%%
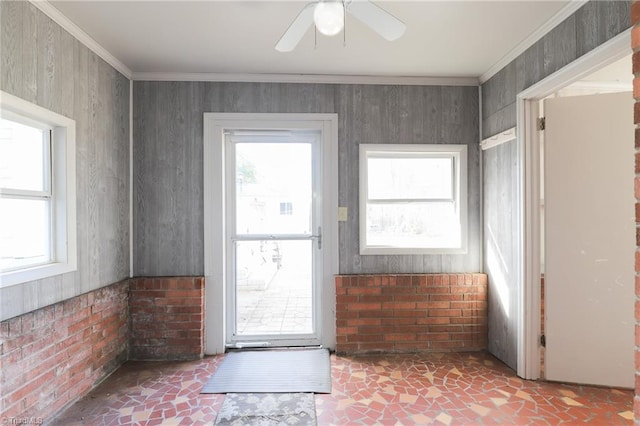 doorway with brick wall, ornamental molding, and a wealth of natural light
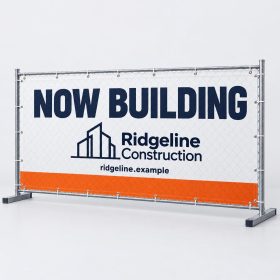 White mesh construction fence wrap reading Now Building on a temporary fence panel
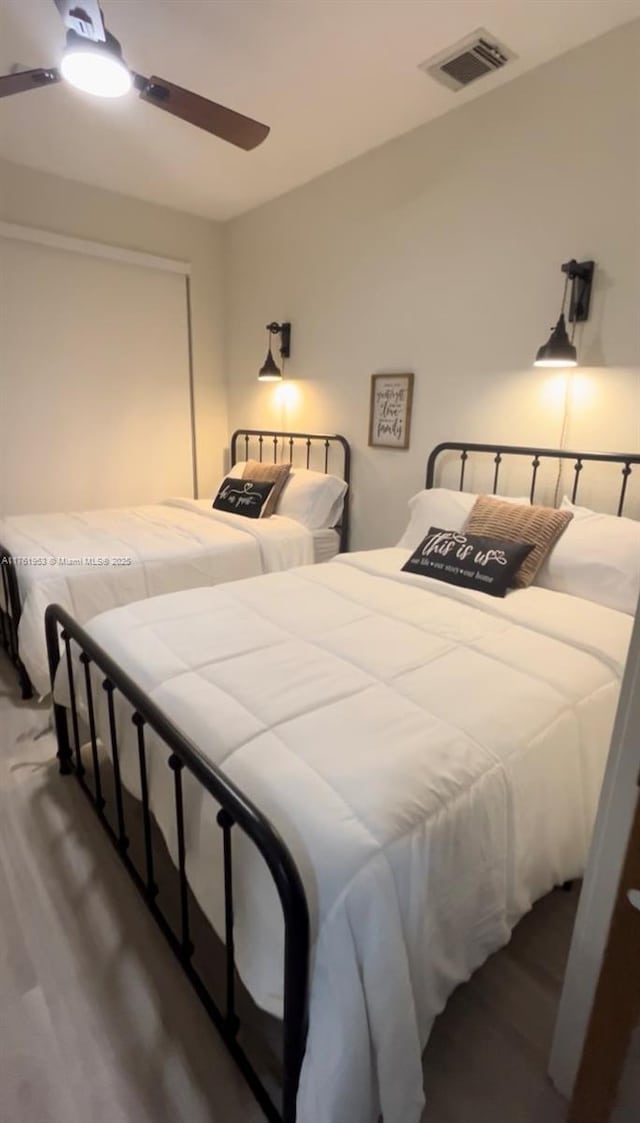 bedroom with a ceiling fan, wood finished floors, and visible vents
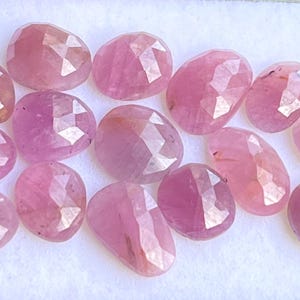 Puede incluir: Un conjunto de gemas rosas facetadas, de forma ovalada. Las piedras, de tamaños variados, presentan una calidad translúcida y patrones internos visibles. Se exhiben sobre una superficie blanca, resaltando su color y talla.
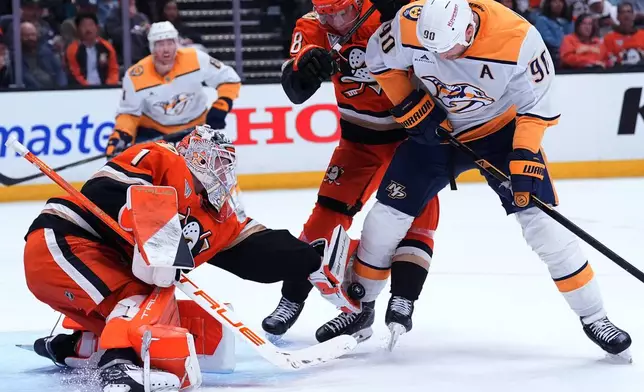 Anaheim Ducks' goaltender Lukas Dostal reaches of the puck against Nashville Predators' center Ryan O'Reilly (90) during the second period of an NHL hockey game Tuesday, April 7, 2026, in Anaheim, Calif.. (AP Photo/Scott Strazzante)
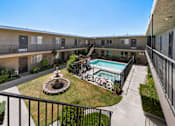 Thumbnail 12 of 25 - A balcony overlooks a courtyard with a fountain and pool.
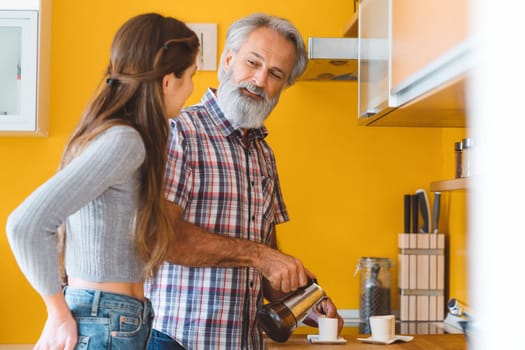 Senior man looking at young woman standing next to him, while he makes coffee for the both of them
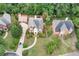 Aerial view of a red brick home with mature trees and pristine landscaping at 470 Manor Oak Se Ln, Marietta, GA 30067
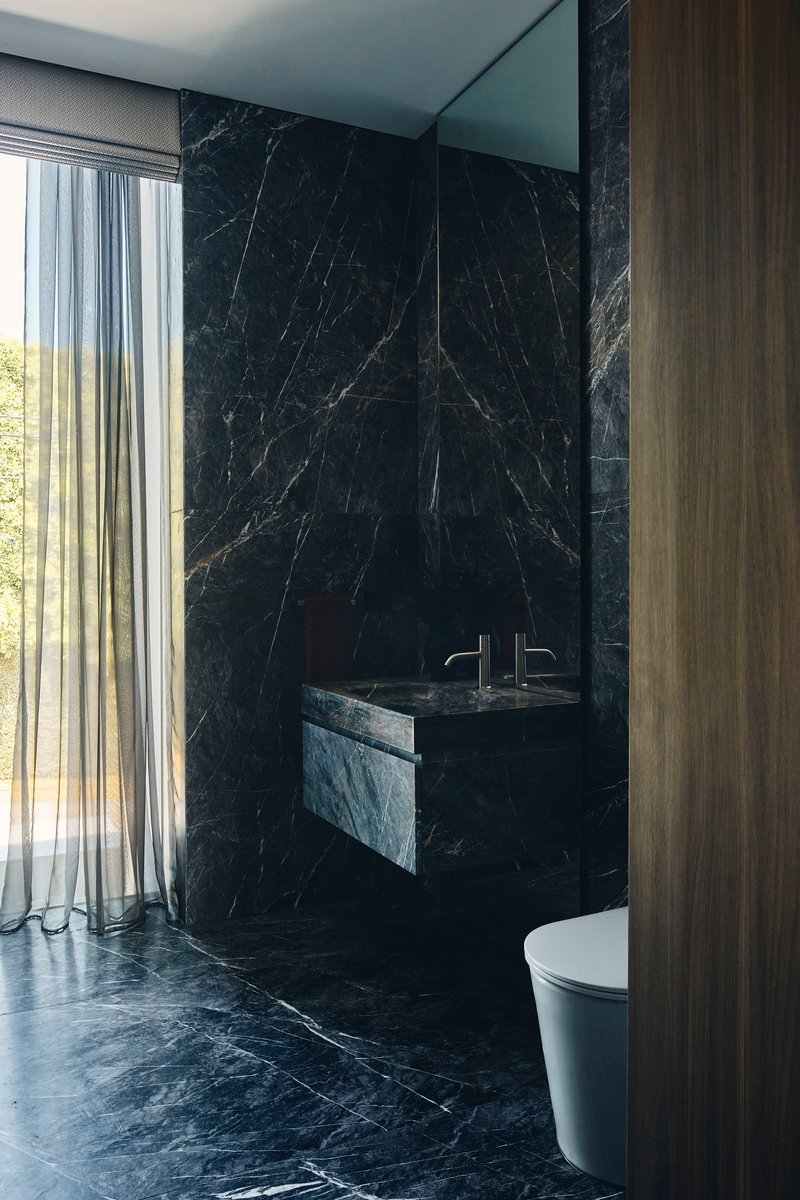 Bathroom with black marble walls, floating sink, and sheer curtains revealing trees outside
%%
Required action:
Print the data exactly, from its first line to the line containing "bedroom with a", both included. Omit the pictures.

Exercise result:
 doorway with brick wall, ornamental molding, and a wealth of natural light
 White mesh construction fence wrap reading Now Building on a temporary fence panel
 bedroom with a ceiling fan, wood finished floors, and visible vents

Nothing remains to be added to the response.